How many B.C. elections and how many federal elections have we had, since the Legislature raids?
_______________________________________________________________________________________________________

Comments:
Glenn Clark got a bit of a shafting. Somebody tried to buy him for some work done as a guy down the block. The guy kept asking for favours but got none. Years ago I built a deck for a just graduated architect. Anything odd? I think not but then again neither of us were politicans.
 
Here's a comment by one of my favourites. Whenever "Bailey" writes, I pay attention. This is what he said on 5 November in The Tyee:

Commentor: Bailey


I don't seem to be hearing much about some of the more interesting elements of this [Legislature Raids] case.

The bribery. the $800,000+ in real estate on a $65,000 salary. The fact that some of that real estate at least was used for a grow op. The transfer of money to the federal Liberal party.

The question for me isn't 'was some corporation offering bribes and finding politicians willing to take them?' That stuff is just too ordinary.
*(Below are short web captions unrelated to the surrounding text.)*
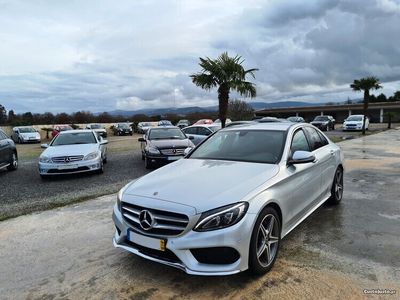 Cinza Usado 2018 Mercedes C220 AMG Sedan | € 33.800 (Caro)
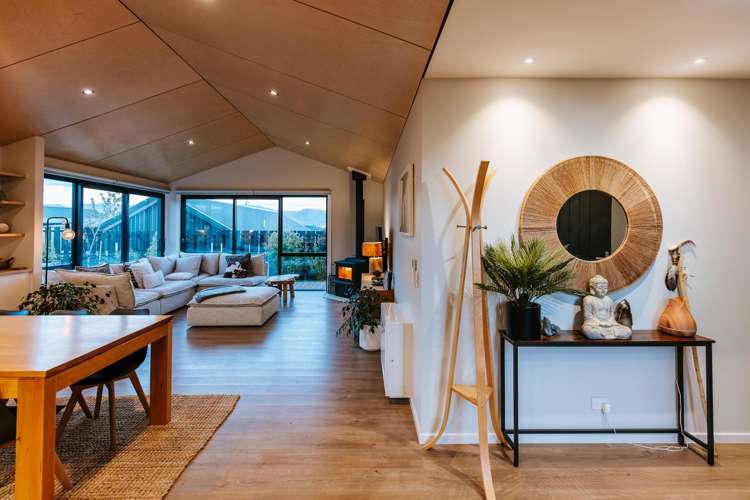 8 Linnburn Road Wanaka_13
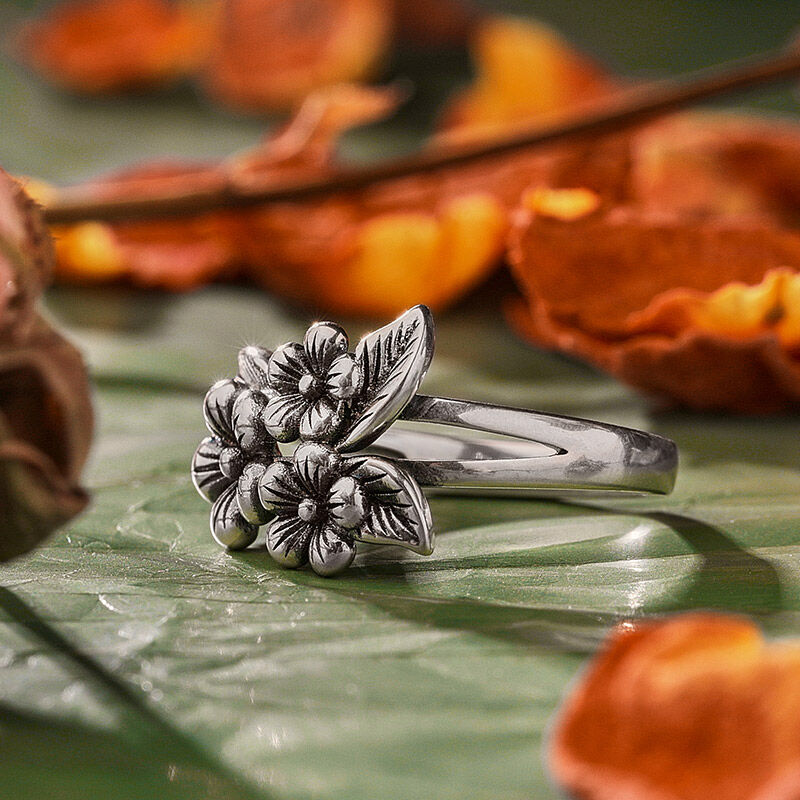 جوليا خاتم الصداقة "الزهور والأوراق" من الفضة الإسترليني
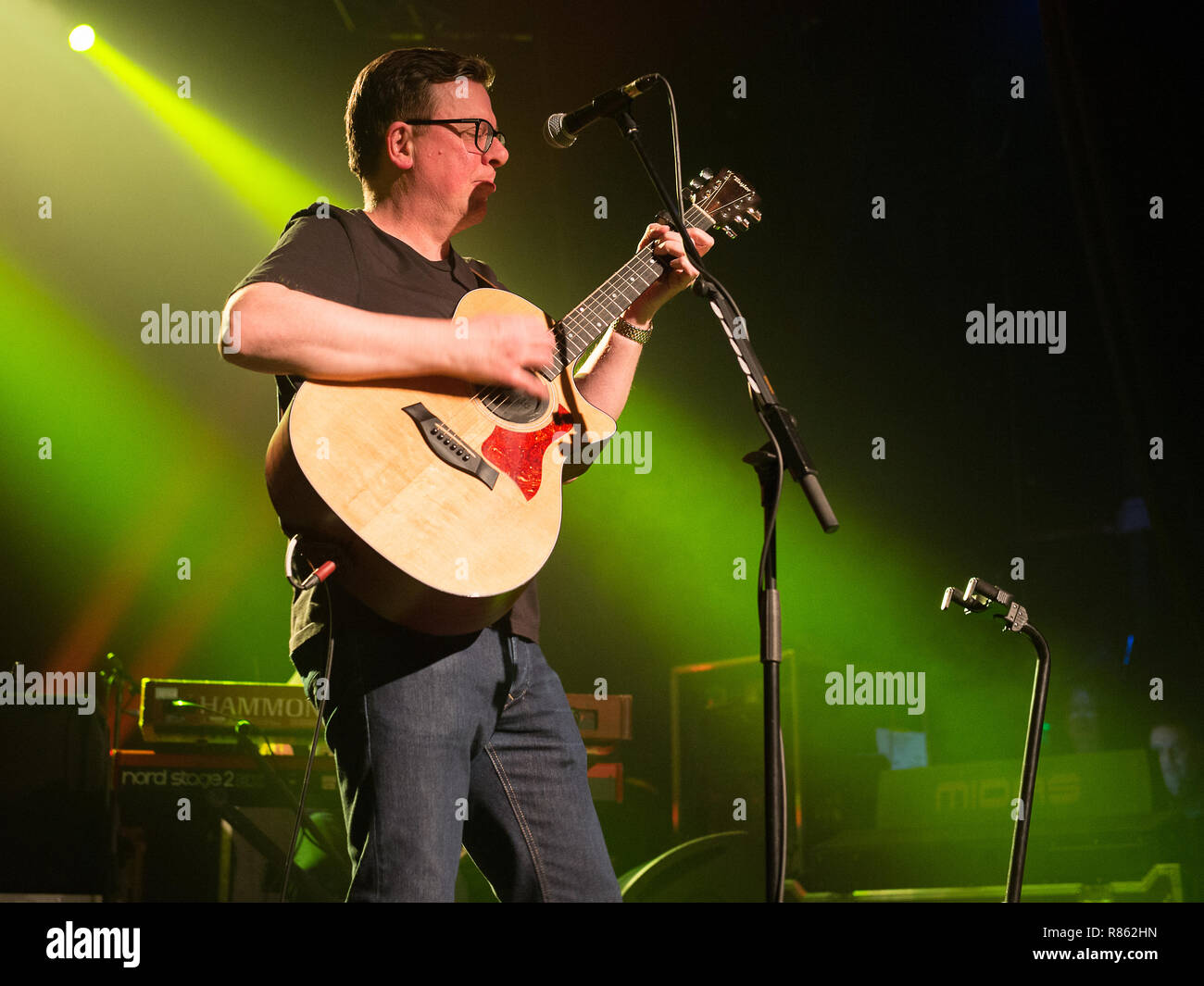 Motherwell, Schottland, Großbritannien. 13. Dezember, 2018. Die verkündiger Craig und Charlie Reid, in Konzert im Civic Center Concert Hall, Motherwell, Schottland, UK. Credit: Stuart Westwood/Alamy leben Nachrichten Stockfoto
Tacky, really.

The good questions for me are, Was our provincial goverment running dope houses? What exact relationship do they have with the Hells Angels and the Mafia? Where exactly did all that money, claimed to be for false memberships, come from and ultimately go? What's the Maui connection?

Remember? The first cabinet meeting to deal with this raid was held in Maui. Extraordinary stuff. In light of the Accenture/Enron stuff, I really do want answers to these questions, and good ones too.

But of course, there was no business for a fall session this year, so there's nobody to ask.
 
I try hard to keep this blog on a non-partisan basis.

But we often hear that Gordon Campbell and his BC Liberals "swept to power in 2001," as it says in this excellent Mark Hume column, too.

Doesn't anyone remember the then-premier NDP Ujjal Dosanjh who, 2 weeks before Election Day 2001, publicly announced that the NDP wouldn't win and that he was virtually giving up? Remember that? Who the heck would vote for a loser?

It was an appalling moment in political history and 1,001 epithets spring to mind.

But that the Liberals "swept to power" because of their own virtues? No, that isn't one of the epithets I'd ever use.